Culture of Guinea Bissau

The music of Guinea-Bissau is usually associated with the polyrhythmic gumbe genre, the country’s primary musical export. However, civil unrest and a small size have combined over the years to keep gumbe, and other genres, out of mainstream audiences, even in generally syncretist African countries.

The calabash is the primary musical instrument of Guinea-Bissau, and is used in extremely swift and rhythmically complex dance music. Lyrics are almost always in Guinea-Bissau Creole, a Portuguese-based creole language, and are often humorous and topical, revolving around current events and controversies, especially AIDS.

The word gumbe is sometimes used generically, to refer to any music of the country, although it most specifically refers to a unique style that fuses about ten of the country’s folk music traditions.
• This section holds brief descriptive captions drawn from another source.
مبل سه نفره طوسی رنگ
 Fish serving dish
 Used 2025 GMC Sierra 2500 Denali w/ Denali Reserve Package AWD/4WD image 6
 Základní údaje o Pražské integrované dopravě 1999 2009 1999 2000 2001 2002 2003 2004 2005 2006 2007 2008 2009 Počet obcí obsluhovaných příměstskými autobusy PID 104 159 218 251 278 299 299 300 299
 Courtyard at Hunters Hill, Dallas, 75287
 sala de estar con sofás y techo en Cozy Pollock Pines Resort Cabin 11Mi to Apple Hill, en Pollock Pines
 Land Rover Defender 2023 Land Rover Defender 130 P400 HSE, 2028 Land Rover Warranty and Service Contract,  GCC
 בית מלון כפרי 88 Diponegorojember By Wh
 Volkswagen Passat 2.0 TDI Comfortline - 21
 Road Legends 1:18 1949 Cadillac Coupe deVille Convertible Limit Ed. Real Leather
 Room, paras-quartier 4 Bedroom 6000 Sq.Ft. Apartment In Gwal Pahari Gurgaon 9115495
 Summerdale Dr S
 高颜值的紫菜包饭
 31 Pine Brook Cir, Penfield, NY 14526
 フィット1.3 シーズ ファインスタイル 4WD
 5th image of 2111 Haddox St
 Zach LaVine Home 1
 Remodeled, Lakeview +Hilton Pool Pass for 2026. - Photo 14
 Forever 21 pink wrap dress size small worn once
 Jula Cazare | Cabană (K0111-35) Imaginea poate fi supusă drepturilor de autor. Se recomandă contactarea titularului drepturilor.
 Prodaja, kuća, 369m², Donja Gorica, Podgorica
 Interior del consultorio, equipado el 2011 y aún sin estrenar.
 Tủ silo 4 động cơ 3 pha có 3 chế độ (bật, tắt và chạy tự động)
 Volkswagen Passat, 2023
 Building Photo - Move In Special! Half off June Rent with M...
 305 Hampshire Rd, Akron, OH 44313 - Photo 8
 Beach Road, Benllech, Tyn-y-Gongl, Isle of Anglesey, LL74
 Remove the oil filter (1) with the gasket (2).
Tina and tinga are other popular genres, while extent folk traditions include ceremonial music used in funerals, initiations and other rituals, as well as Balanta brosca and kussundé, Mandinga djambadon and the kundere sound of the Bijagos islands.

Matriarchy
In the Bolama archipelago, a matriarchal or at least matrilineal social system has survived to the present day[3], although it is currently being eroded by globalization and Christian missionary influence.

In this system, women choose husbands who are compelled to marry them, and religious affairs are controlled by a female priesthood.